* _Input records_
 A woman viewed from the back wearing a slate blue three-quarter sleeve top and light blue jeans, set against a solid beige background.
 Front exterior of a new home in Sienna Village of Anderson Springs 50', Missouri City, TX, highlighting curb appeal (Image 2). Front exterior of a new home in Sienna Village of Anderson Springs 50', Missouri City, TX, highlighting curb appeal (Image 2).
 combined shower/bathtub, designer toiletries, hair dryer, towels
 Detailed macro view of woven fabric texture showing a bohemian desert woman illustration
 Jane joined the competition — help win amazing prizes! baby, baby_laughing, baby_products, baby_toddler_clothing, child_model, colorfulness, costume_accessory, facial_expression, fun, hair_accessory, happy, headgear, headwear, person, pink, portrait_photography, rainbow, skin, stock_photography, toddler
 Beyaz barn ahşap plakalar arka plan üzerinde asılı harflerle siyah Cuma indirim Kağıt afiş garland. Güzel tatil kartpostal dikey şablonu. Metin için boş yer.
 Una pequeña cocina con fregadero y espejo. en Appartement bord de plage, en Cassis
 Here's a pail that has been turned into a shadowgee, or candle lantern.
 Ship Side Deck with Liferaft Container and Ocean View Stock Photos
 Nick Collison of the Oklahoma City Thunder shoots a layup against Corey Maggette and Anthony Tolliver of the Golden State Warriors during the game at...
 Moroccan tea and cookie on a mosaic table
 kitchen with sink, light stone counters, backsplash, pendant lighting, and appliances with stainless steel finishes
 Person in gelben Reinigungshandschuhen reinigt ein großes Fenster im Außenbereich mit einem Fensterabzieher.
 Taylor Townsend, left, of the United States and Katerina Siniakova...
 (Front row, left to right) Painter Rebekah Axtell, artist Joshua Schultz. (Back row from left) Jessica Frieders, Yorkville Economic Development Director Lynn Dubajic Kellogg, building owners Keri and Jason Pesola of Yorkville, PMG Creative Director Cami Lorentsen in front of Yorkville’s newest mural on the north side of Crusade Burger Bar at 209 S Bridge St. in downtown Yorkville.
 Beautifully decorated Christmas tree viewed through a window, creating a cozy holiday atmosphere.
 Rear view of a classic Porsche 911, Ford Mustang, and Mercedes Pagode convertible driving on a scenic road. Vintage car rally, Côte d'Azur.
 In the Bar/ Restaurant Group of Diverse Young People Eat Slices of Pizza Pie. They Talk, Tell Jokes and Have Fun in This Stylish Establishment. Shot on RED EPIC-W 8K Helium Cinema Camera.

* _The task_
With the line holding "Beyaz barn ahşap" as the first and the line holding "Moroccan tea and cookie on a mosaic table" as the last, please transcribe exactly the lines of the material above in that range and nothing else.

* _Solution_
 Beyaz barn ahşap plakalar arka plan üzerinde asılı harflerle siyah Cuma indirim Kağıt afiş garland. Güzel tatil kartpostal dikey şablonu. Metin için boş yer.
 Una pequeña cocina con fregadero y espejo. en Appartement bord de plage, en Cassis
 Here's a pail that has been turned into a shadowgee, or candle lantern.
 Ship Side Deck with Liferaft Container and Ocean View Stock Photos
 Nick Collison of the Oklahoma City Thunder shoots a layup against Corey Maggette and Anthony Tolliver of the Golden State Warriors during the game at...
 Moroccan tea and cookie on a mosaic table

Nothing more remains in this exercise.